Module 4

Hypothesis Testing

Apply t-tests, chi-square, and ANOVA to validate root causes and measure improvement in banking operations with statistical rigor.

Module 4 — 90-second video overview

From Observation to Evidence

In the Analyze phase of DMAIC, you have identified potential root causes using tools like Fishbone diagrams, Pareto charts, and process analysis. But how do you know if a suspected root cause is real? How do you determine whether an observed difference is a genuine pattern or just random noise?

Hypothesis testing provides the statistical framework to answer these questions with quantified confidence. Instead of relying on experience, intuition, or the loudest voice in the room, you use data and probability to make decisions. This is the core of what makes a Green Belt analysis more rigorous than a Yellow Belt analysis.

In banking operations, hypothesis testing answers questions like:

  • Did the process change actually reduce settlement cycle times, or was the improvement just natural variation?
  • Is the error rate really different between the London and New York operations centers, or does the difference disappear when you account for volume differences?
  • Is there a relationship between analyst experience level and case processing quality?
  • After implementing a new routing algorithm, did the straight-through processing rate genuinely increase?

The Logic of Hypothesis Testing

Every hypothesis test follows the same logical structure:

Step 1: State the Hypotheses

  • Null Hypothesis (H₀): The default position — there is no difference, no effect, no relationship. The status quo holds.
  • Alternative Hypothesis (H₁ or Hₐ): What you are trying to demonstrate — there is a difference, an effect, or a relationship.

Example: A bank implemented a new exception routing process to reduce settlement cycle times.

  • H₀: The mean settlement cycle time after the change equals the mean cycle time before the change (μ_after = μ_before)
  • H₁: The mean settlement cycle time after the change is different from the mean cycle time before the change (μ_after ≠ μ_before)

Note: This is a two-tailed test because we are testing for any difference (increase or decrease). If we specifically predicted the direction ("the new process reduces cycle time"), we would use a one-tailed test: H₁: μ_after < μ_before.

Step 2: Choose the Significance Level (α)

The significance level is the probability of rejecting H₀ when it is actually true — a false positive or Type I error. By convention, α = 0.05 (5%) is standard in most business applications, including banking.

This means: if there truly is no difference, you accept a 5% chance of incorrectly concluding that there is one. For high-stakes decisions (e.g., changes to regulatory reporting processes), you might use α = 0.01 for greater stringency.
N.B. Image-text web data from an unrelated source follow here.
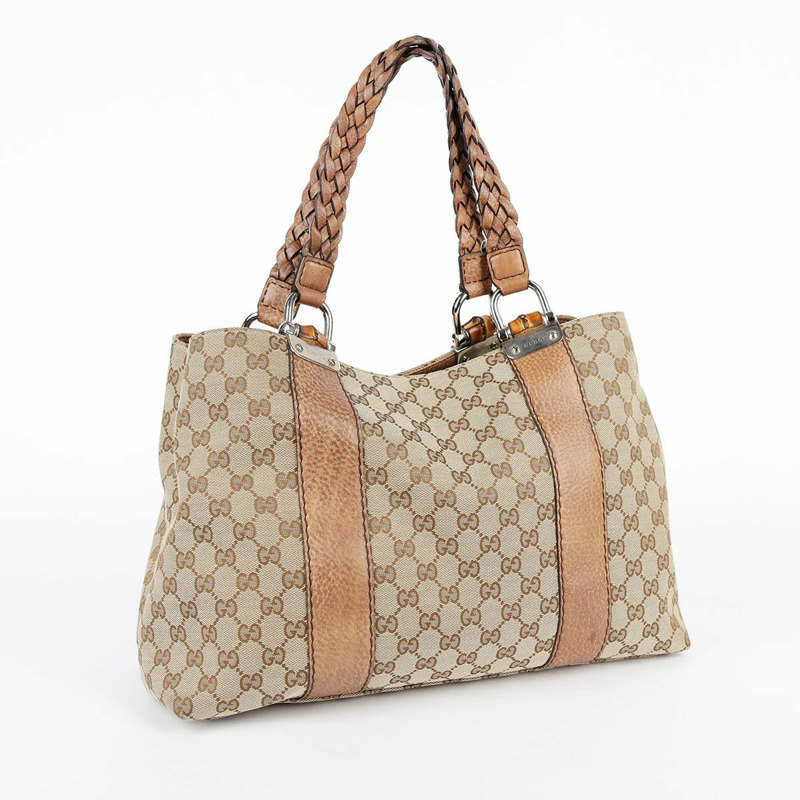 GUCCI 棕色皮革邊飾竹子裝飾手提包-5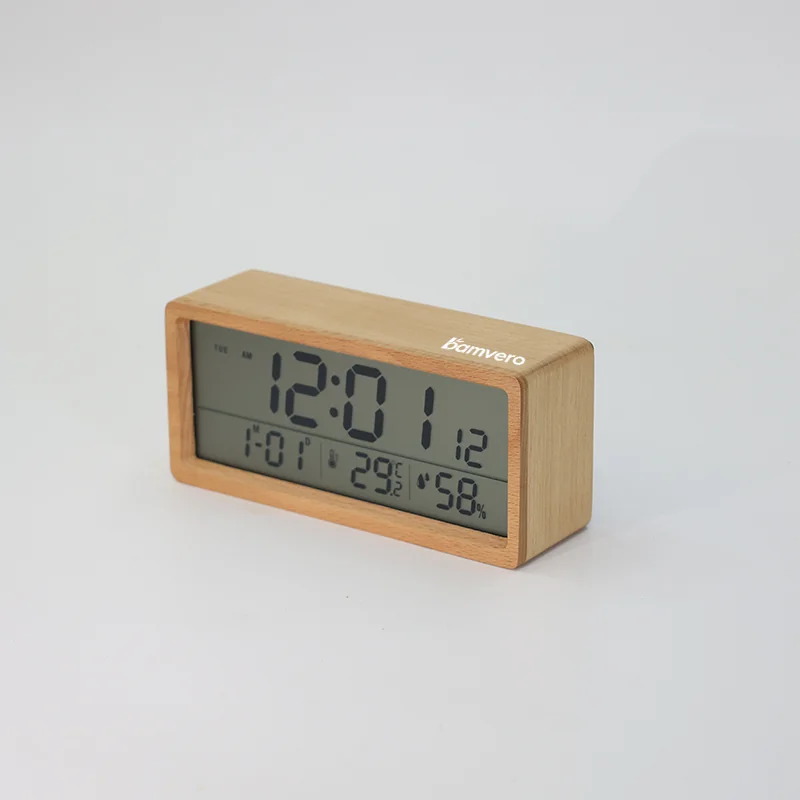 1906 Bamboo LCD Humidity Clock product view 2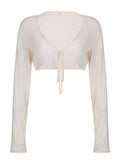 Y2K Crochet Long Sleeve Shrug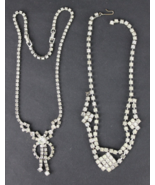 vintage rhinestone necklace lot x2 old antique ESTATE SALE - $1,304.24 MXN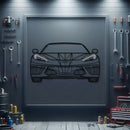 Corvette C8 Front View Metal Neon Car Wall Art - MTN0080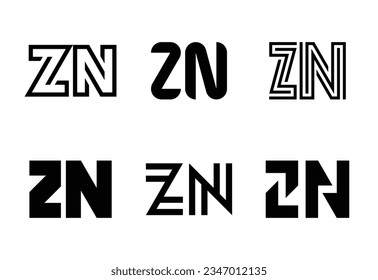 Set of letter ZN logos. Abstract logos collection with letters. Geometrical abstract logos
Step 3: Collect Data and Calculate the Test Statistic

Based on the type of data and the question being asked, calculate the appropriate test statistic (t-statistic, chi-square statistic, F-statistic, etc.).

Step 4: Determine the P-Value

The p-value is the probability of observing your data (or something more extreme) if the null hypothesis is true. In plain English: how likely is it that you would see this result just by chance?

  • Small p-value (e.g., p = 0.02) → Your data is unlikely under H₀ → Evidence against H₀ → Consider rejecting H₀
  • Large p-value (e.g., p = 0.45) → Your data is quite plausible under H₀ → No evidence against H₀ → Fail to reject H₀

Step 5: Make a Decision

  • If p ≤ α → Reject H₀. There is statistically significant evidence of a difference/effect.
  • If p > α → Fail to reject H₀. There is insufficient evidence to conclude a difference/effect exists.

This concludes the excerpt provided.